Ed Giansante left Sao Paulo for Dublin in 2008 with the hope of learning English and making a new start in Ireland.
He lived with a host family in a Dublin suburb and went to an English language school near Mountjoy Square.
His timing was both good and bad. Ireland’s economy had hit a massive recession, and the country was facing into a period of austerity. It would be hard for a native to survive in the capital under such conditions, let alone a non-English speaker.
He found work with Stratogen, an advertising agency, where he worked for 18 months. “I was making hardly any money, because of the recession, but I had a job. That was really important in so many ways; integrating, learning, just getting experience. I was lucky,” he said.
Indeed, Ireland was a tough place for anyone to be in 2008. But, on the plus side for Ed and several others, blogging was on the rise. Ed found himself blogging to a small audience at home about his experiences of moving to Dublin. “I was telling them about the food here, like chicken fillet rolls and crisp sandwiches!” Ed said. “It was all just personal experiences; it grew very organically that way.”
Now there are about 30,000 Brazilians living here
By 2009, Ed was attending the Blog Awards, where he was a finalist up against none other than Rory O’Neill, aka Panti Bliss. “It was a bit crazy. Obviously, she wasn’t as famous back then, but Nialler9 was also there, there was this group of people at the awards who are now really successful, and it was amazing to be there after just one year of being in Ireland,” Ed said.
Ed took up work with Zynga for a while, where he explains he was doing work on Farmville and other Facebook games. He is now community manager at Dropbox. But it is Ed’s blogging that is the most interesting part of his story to date.

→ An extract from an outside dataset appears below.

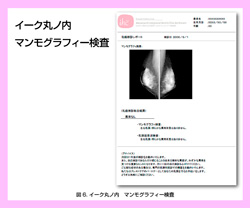 20131015_第二回乳がん６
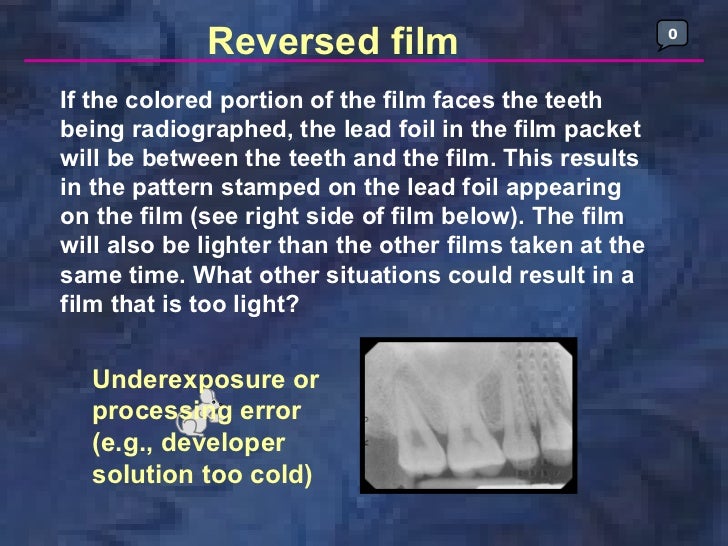 radiographictechniquesbisectingandocclusal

He is the founder and CEO of eDublin, an organisation dedicated to providing information to Brazilians interested in moving here. “We break it down into a lot of detail,” Ed said. “Accommodation, where to study, visas. It’s not just a general guide. Most of us at eDublin lived that, so it’s more detailed than a general guide. We provide information on businesses as well. Where to work, who can work there? And vice versa, we find talent from Brazil for companies here.”
In the 1990s there was a visa lottery for Brazilians to come to Ireland. This brought the first, small group of Brazilians over. Ed was part of the second group that came in late 2007. “It’s grown a lot,” he said. “Now there are about 30,000 Brazilians living here.”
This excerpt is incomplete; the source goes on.